___ Dataset excerpts

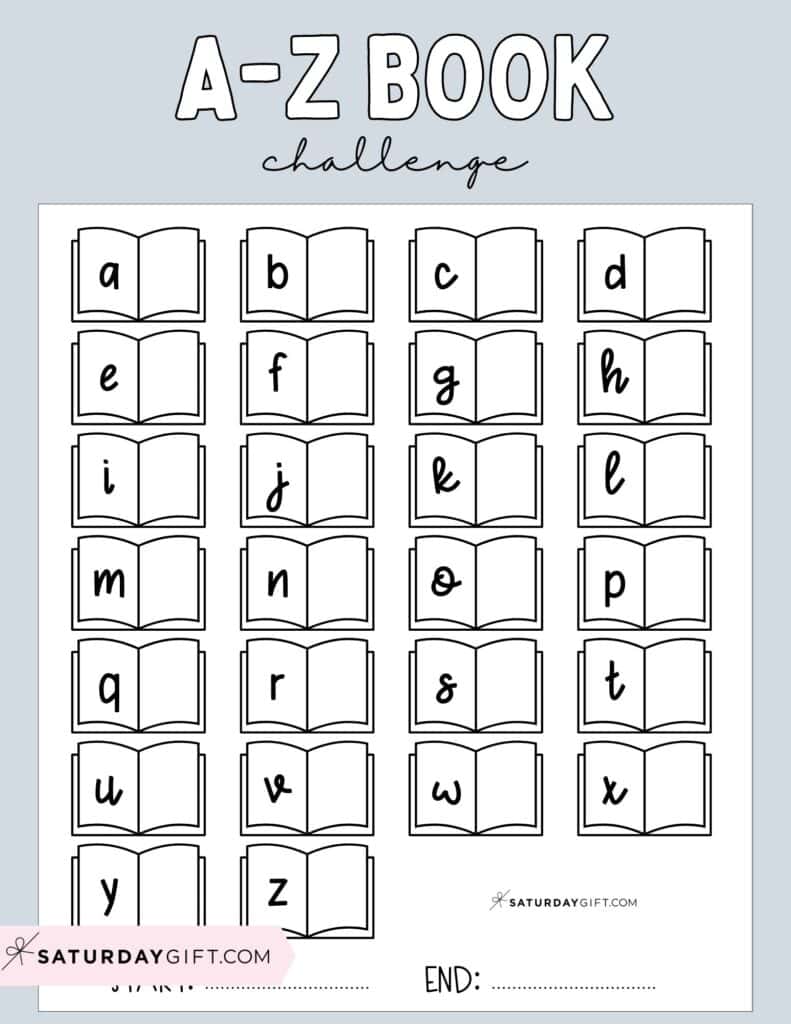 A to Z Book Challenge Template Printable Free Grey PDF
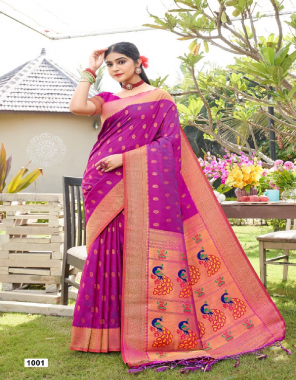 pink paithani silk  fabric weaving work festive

______
___ Dataset excerpts

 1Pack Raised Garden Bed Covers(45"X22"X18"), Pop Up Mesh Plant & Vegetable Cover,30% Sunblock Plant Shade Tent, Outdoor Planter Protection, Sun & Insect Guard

______
___ Dataset excerpts

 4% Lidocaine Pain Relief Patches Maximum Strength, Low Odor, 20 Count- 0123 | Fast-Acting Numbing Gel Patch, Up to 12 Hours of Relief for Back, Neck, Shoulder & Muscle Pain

______

▶ [Brief] Your output should be the lines above from the one that contains "A to Z Book" through the one that contains "pink paithani silk", word for word, with pictures left out.

▶ [Answer for the task]
 A to Z Book Challenge Template Printable Free Grey PDF
 pink paithani silk  fabric weaving work festive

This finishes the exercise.